Real-time storage: Write computation results to ClickHouse, supporting multi-dimensional queries.

Cache optimization: Cache frequently queried metrics (like current GMV, current order volume) to Redis, reducing query latency.

Real-time dashboards: Develop real-time dashboards displaying key metrics for operations team monitoring.

Architecture diagram:

MySQL (Order Table)
  ↓ binlog
Canal
  ↓ Order change events
Kafka
  ↓ Consume
Flink
  ├─ Real-time order volume statistics
  ├─ Real-time GMV statistics
  ├─ Real-time inventory updates
  └─ Real-time conversion rate computation
  ↓ Write
ClickHouse + Redis
  ↓ Query
Real-time dashboards / API

Results:

• •Data latency reduced from T+1 to second-level; operations team can grasp business conditions in real-time.
• •During promotions, real-time monitoring promptly discovered inventory shortages and payment anomalies, enabling rapid response and avoiding losses.
• •Real-time conversion rate analysis helped operations team quickly adjust marketing strategies, increasing GMV by 15%.

Summary

Real-time data analysis is an important direction in enterprise digital transformation, helping enterprises achieve instant decision-making, anomaly early warning, and improved user experience. From T+1 batch processing to near-real-time to real-time stream processing, data analysis architecture has undergone profound evolution.
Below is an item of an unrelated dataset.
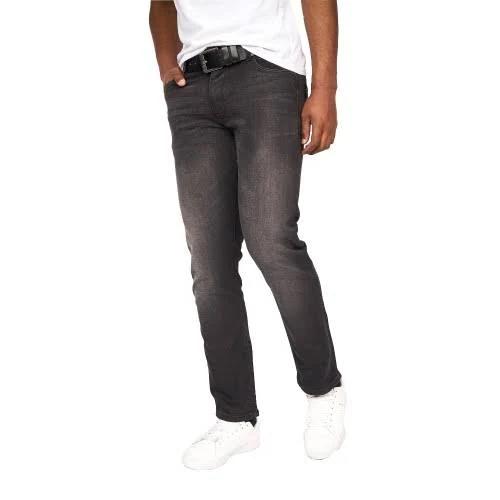 Crosshatch Mens Cadman Straight Jeans Solid Black 30s Cotton Polyester Mens Jeans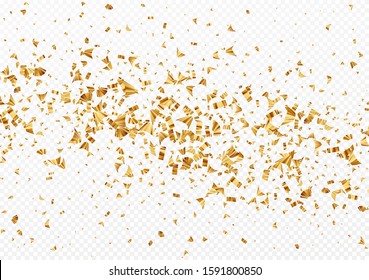 Gold foil confetti isolated on a transparent white background. Festive background. Christmas Vector illustration EPS10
Key technologies for real-time data analysis include CDC, stream processing, real-time data storage, cache optimization, and incremental computing. Enterprises can choose Lambda architecture, Kappa architecture, or real-time data warehouse architecture based on their needs.

Implementing real-time data analysis requires starting with simple scenarios, verifying quickly, and expanding gradually. Also pay attention to challenges like out-of-order data, data duplication, state management, and data skew — take corresponding solutions.

Ultimately, the goal of real-time data analysis is to enable enterprises to grasp business conditions in real-time, respond quickly to changes, and maintain advantage in fierce market competition.